Venía lo más difícil,
empinado y oscuro; la subida hasta el barrio de San Javier pasando por Dos Ríos
donde concurren los caminos a las discotheques de los 80’s; Sancho’s y Galeria’s
lugares que visitaba con mis amigos nerds cada jueves en mis tiempos de
facultad. Justo en el punto de cruce había otra disco llamada La Noria en la
cual se llevaban a cabo concursos de baile Menudo alla por 1983; mis amigos y yo
fuimos Menudos de closet; “súbete a mi moto …”
Contrariamente a lo que
me sucede en León, en la subida no rebasé a nadie y si en cambio el dolor de
caballo amenazó con cocearme el costado izquierdo. De pronto escuché un fuerte
jadeo de alguien que tras de mi venía “echando el bofe”. – No dejaré que me
alcance – me dije y traté infructuosamente de apretar el paso. El tipo no se
despegaba de mí; lo sentía como calcomanía pegado a mí. No aguanté y voltee a
verlo; no era nadie, tampoco era un espectro, una momia o la llorona. Era yo
mismo el que emitía esos sonidos y que al no traer mis audífonos pude escuchar
claramente.
El retorno estaba casi
al llegar al Castillo de Santa Cecilia y di gracias a Dios por la inversión de
sentido que me permitiría recuperarme. Nuevamente de bajada aunque no tan
pronunciada como la anterior pude sentir como mis piernas me reclamaban el tremendo
castigo al que las estaba sometiendo; me dolían los tobillos, las rodillas y
los muslos. Éramos tan pocos corredores que parecía que iba yo solo. Al llegar
a la Jefatura de Policía un estúpido agente de tránsito me gritó que me moviera
porque los autos sonando ruidosamente su claxon exigían el paso; y pensar que
yo presumo a mi ciudad como icono de cultura, respeto y amabilidad.
De nuevo pasé junto a
los puestos de hamburguesas en la salida – meta donde mi familia y os demás espectadores
echaban porras. El circuito era a dos vueltas y apenas llevaba una. Me pareció
cruel e innecesario pasar cinco veces por el mismo lugar exhibiendo mi baja
condición y mi menor nivel comparado con el de los demás participantes. – Ánimo
Frank, échale, vas muy bien – me gritó mi querida esposa.
Di la segunda vuelta en
estado zombi y solo recuerdo al bajar por banqueta Alta como brincaban erráticamente
mis órganos vitales, corazón, pulmones,
riñones, hígado, páncreas e intestinos dentro de la mochila – maleta en la que
me había convertido. La sangre subía y bajaba a toda presión por mi cuerpo
buscando una vía de escape, estaba seguro que si sufría una caída me haría
pedazos como una sandía pintando de rojo el pavimento. El ganador llegó a la
meta justo cuando yo pasaba por allí por cuarta vez; era un chico de unos 20
años veloz como un camaro que presumía su excelente carrocería.
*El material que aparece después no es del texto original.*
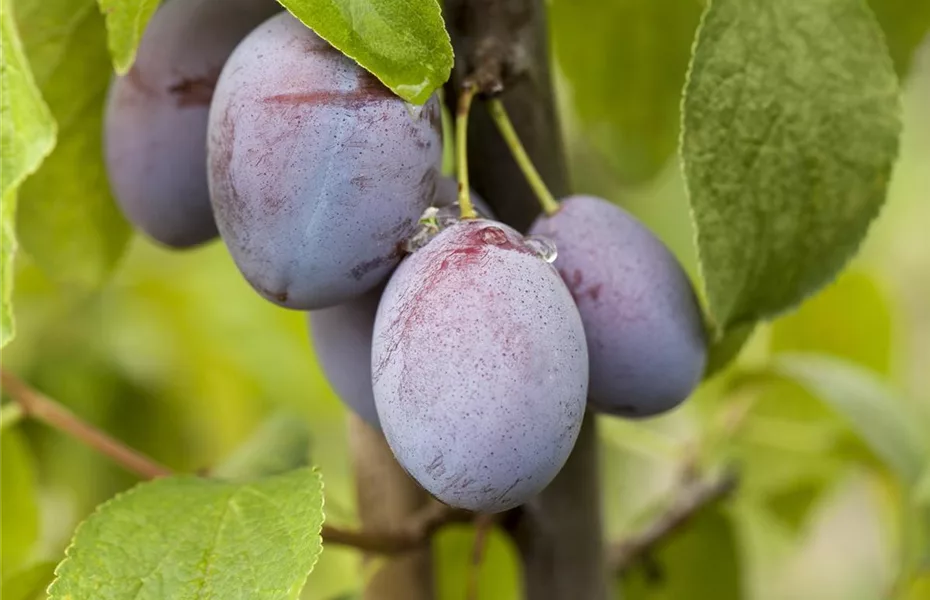 Obstgehölze nach dem Kauf behandeln und richtig pflegen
Subí y volví a bajar entre
vapores de ácido sulfúrico y al final logré rebasar a un padre de familia gordito
y con tenis de basket ball que corría
con su hijo; al chiquillo de unos 14 años no lo pude alcanzar pero por lo menos
sentí el placer de vencer a un contrincante.
Caminé unos metros para
recuperar mi respiración y vi los rostros de los vaqueros limpiando sus revólveres
que no se dignaban a verme mucho menos a saludarme; son muy fregones, no cabe
duda. Mmm, - ya quisiera verlos en un maratón, malditos - pensé, pero enseguida
borré ese pensamiento de mi cabeza; somos paisanos y son mucho mejores que yo
hay que reconocerlo. No hay pretextos; ni la edad, ni la falta de
entrenamiento, ni el terreno; hice lo que pude.
Mi chiquita corrió a mis
brazos, me besó en la mejilla saboreando mi sudor y me dijo quedamente al oído,
- llegaste en el lugar 45 papi -. No estuvo mal, fueron 54 corredores y mi
tiempo fue de 35:03 (7K). Me pareció escuchar a lo lejos entre el tronido de
los cohetes la risa burlona de un amigo que en cada carrera lucha a brazo
partido por no ser el último.
Después me dijo un arriero
que no hay que llegar primero
pero hay que saber llegar
José Alfredo Jiménez
Canción para este día; A Partir de Mañana (Alberto Cortéz)
[sugiero escucharla casi a la media noche, por aquello de la maldita postergación]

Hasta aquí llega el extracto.